I don't remember being asked if we wanted to spunk away billions of taxpayer money bailing out the banks, aircraft carriers with no aircraft, the non-existent Covid test and trace, fraudulent Covid loans, dodgy and overpriced PPE, HS2, decades of subsidies for Beardie's choo-choos, PFI rip-offs, truckloads of dosh on the Sizewell and Hinckley Point money pits, backhanders to the chumocracy, failing to send people with brown skin to Rwanda, etc, etc. If only some of that money could have been allocated for doing what Vietnam's doing to its core national network infrastructure. Vietnam (or any other country with a competent government) can do it. Why can't we?
As far as I am aware, the default for all TCP/IP stacks where IPv6 is enabled is to prefer IPv6 and to try to reach other hosts over IPv6, only falling back on IPv4 after IPv6 times out and if a local interface has an IPv4 address configured and connectivity over that protocol turns out to be available.

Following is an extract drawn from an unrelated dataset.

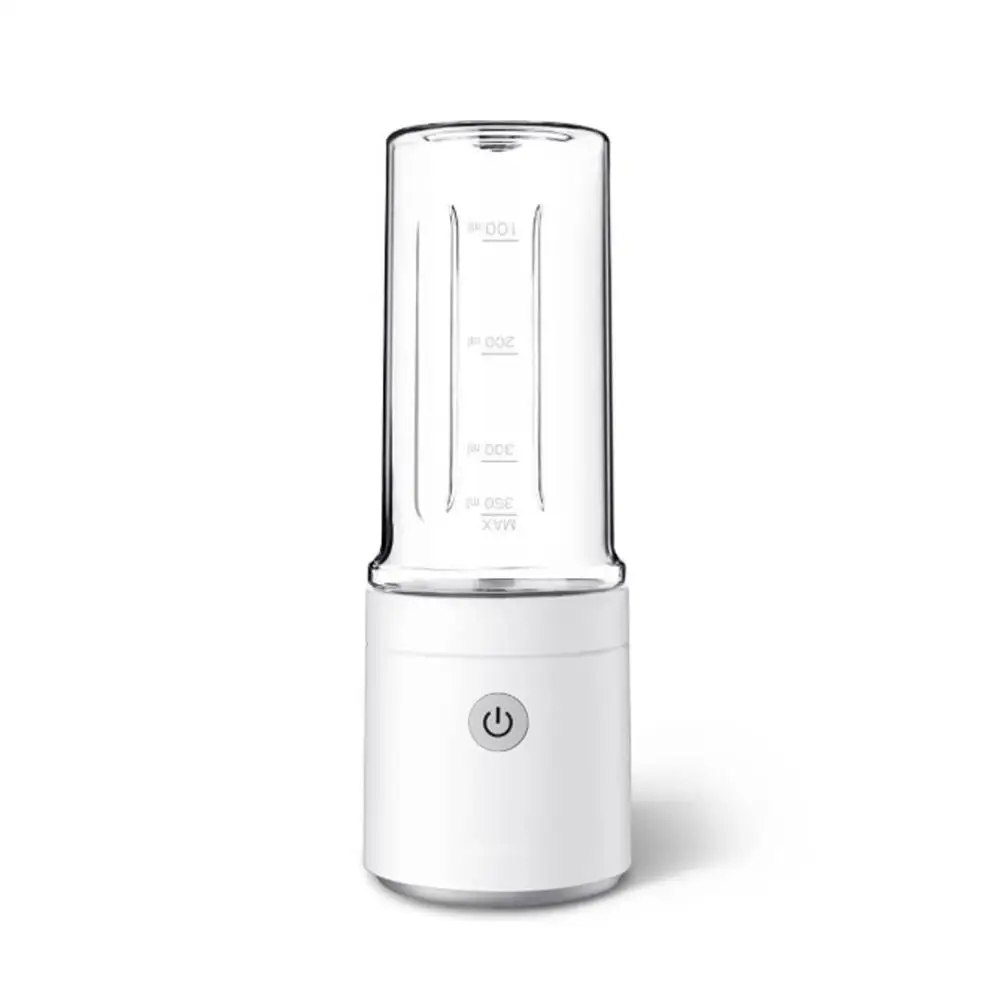 YOUPIN Pinlo 350 мл соковыжималка для фруктов бутылка Портативная USB перезаряжаемая DIY соковыжималка для извлечения сока чашка для путешествий на открытом воздухе кемпинга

The time-to-give-up timeout is if I remember correctly a tuneable most places, but I suspect the default setting is long enough to be annoying if IPv6 is in fact not configured in the network at all but your machine keeps trying anyway.
So totally predictable.
Whether or not IPv6 is useful, I'll leave it at stating that my opinion differs from that of the person who wrote the article.
I would be careful with underestimating Vietnam, they are gearing up to become a mighty industrial player.
Vietnam signed a trade deal with the EU that came into effect a few years ago. They are also a relatively benign player on the world stage that doesn't play global politics (as opposed to China or India).
This means that if you are a company that wishes to sell its products into the EU, with 450 million the world's largest market of rich people, and wishes to avoid the trade war and sanctions du-jour, outsourcing production to Vietnam makes a lot of sense. It's much easier to get your Vietnam manufactured products into the EU than Chinese manufactured products, thanks to this trade deal. At the moment a lot of supply chain de-risking involves moving part (or all) of your production from China to countries such as Vietnam. FT: Vietnam becomes vital link in supply chain as business pivots from China. Case in point: Apple has done just that with the manufacturing of some of its Macbooks.
We will soon be referring to Vietnam as an Asian Tiger.